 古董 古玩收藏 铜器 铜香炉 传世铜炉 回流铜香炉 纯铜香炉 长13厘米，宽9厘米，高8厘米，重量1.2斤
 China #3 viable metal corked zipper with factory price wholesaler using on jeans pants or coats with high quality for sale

==

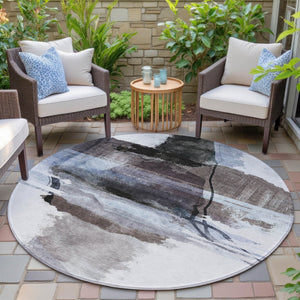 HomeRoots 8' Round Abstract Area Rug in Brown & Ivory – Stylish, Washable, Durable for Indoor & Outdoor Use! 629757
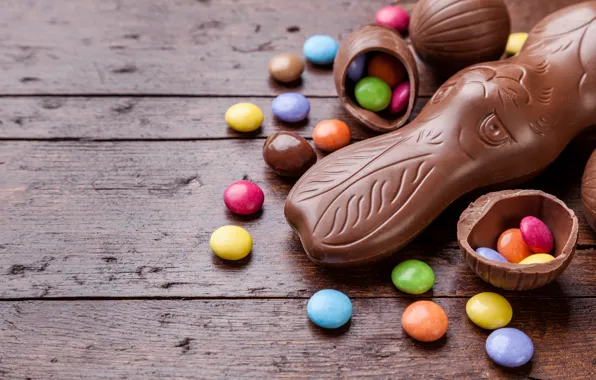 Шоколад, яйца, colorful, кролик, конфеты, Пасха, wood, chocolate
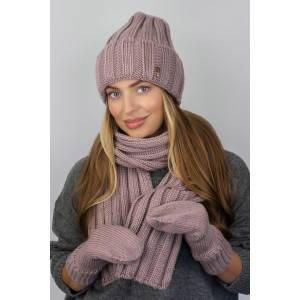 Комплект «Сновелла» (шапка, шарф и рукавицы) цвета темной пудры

What you have to do: Among the entries above, locate the line with "HomeRoots 8' Round" and the line with "цвета темной пудры". Give those two lines and all lines between them again, exactly, leaving out the pictures.

Answer to this exercise:
 HomeRoots 8' Round Abstract Area Rug in Brown & Ivory – Stylish, Washable, Durable for Indoor & Outdoor Use! 629757
 Шоколад, яйца, colorful, кролик, конфеты, Пасха, wood, chocolate
 Комплект «Сновелла» (шапка, шарф и рукавицы) цвета темной пудры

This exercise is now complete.